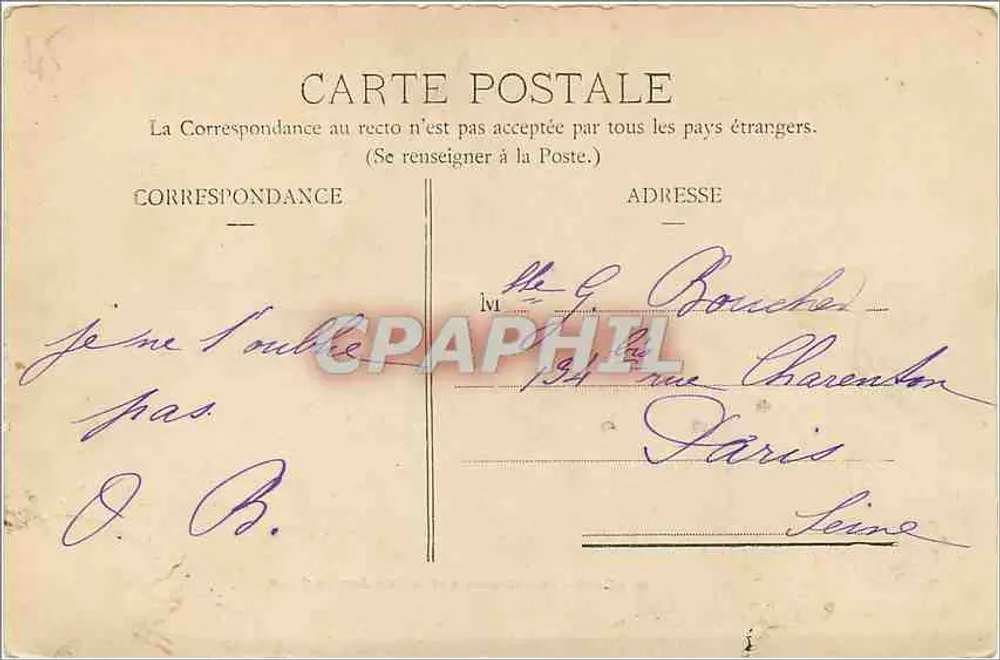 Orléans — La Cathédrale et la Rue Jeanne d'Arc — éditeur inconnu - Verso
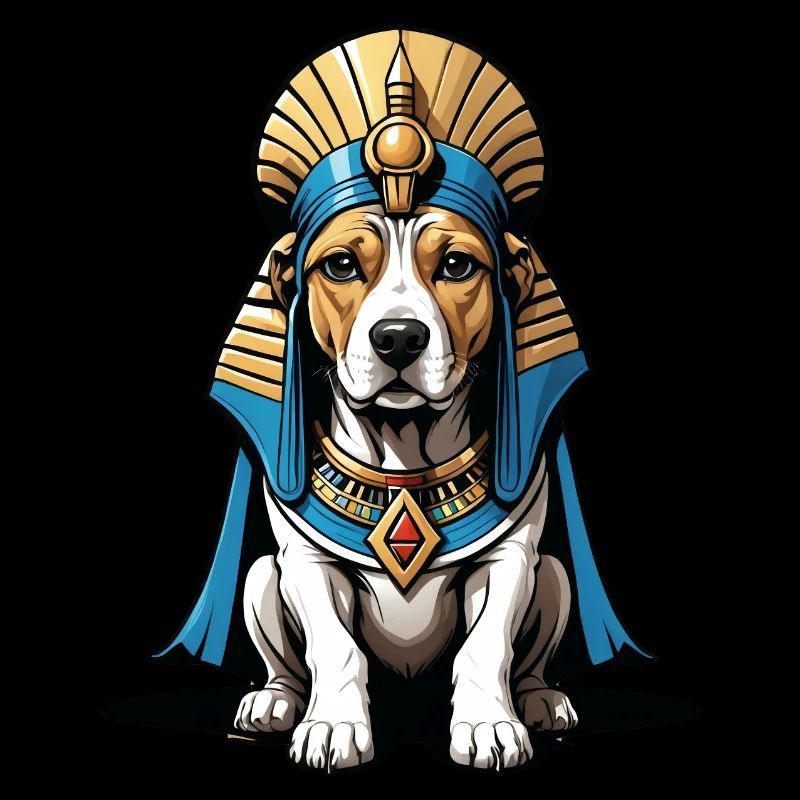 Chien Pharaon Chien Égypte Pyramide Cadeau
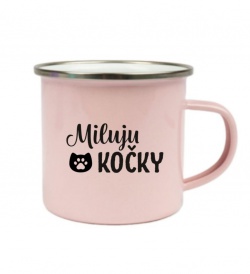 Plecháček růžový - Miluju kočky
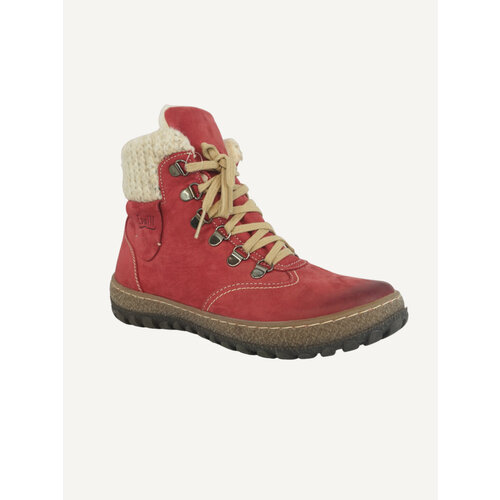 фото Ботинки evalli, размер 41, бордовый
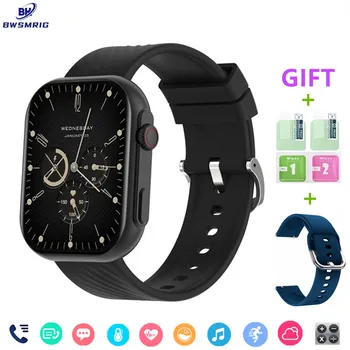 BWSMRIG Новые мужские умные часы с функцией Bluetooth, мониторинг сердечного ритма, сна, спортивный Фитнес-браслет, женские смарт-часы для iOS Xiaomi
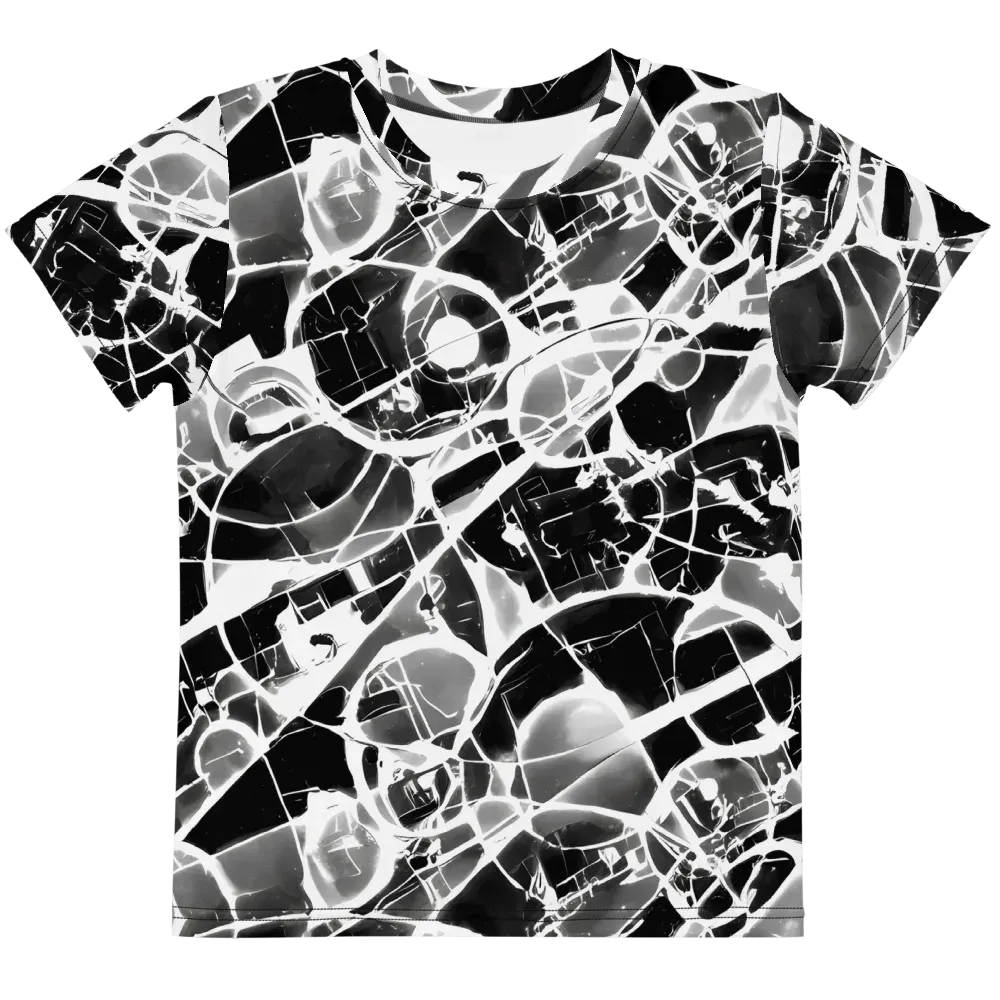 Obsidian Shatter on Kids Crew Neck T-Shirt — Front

...

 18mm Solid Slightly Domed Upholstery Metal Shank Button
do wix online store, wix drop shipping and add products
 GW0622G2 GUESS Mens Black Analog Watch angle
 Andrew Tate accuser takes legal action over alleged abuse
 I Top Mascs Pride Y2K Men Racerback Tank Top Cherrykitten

• [EXERCISE]
Starting at the line containing "Orléans — La" and finishing at the line containing "Obsidian Shatter on", return those lines exactly as they appear above, without the pictures.

• [EXERCISE RESULT]
 Orléans — La Cathédrale et la Rue Jeanne d'Arc — éditeur inconnu - Verso
 Chien Pharaon Chien Égypte Pyramide Cadeau
 Plecháček růžový - Miluju kočky
 фото Ботинки evalli, размер 41, бордовый
 BWSMRIG Новые мужские умные часы с функцией Bluetooth, мониторинг сердечного ритма, сна, спортивный Фитнес-браслет, женские смарт-часы для iOS Xiaomi
 Obsidian Shatter on Kids Crew Neck T-Shirt — Front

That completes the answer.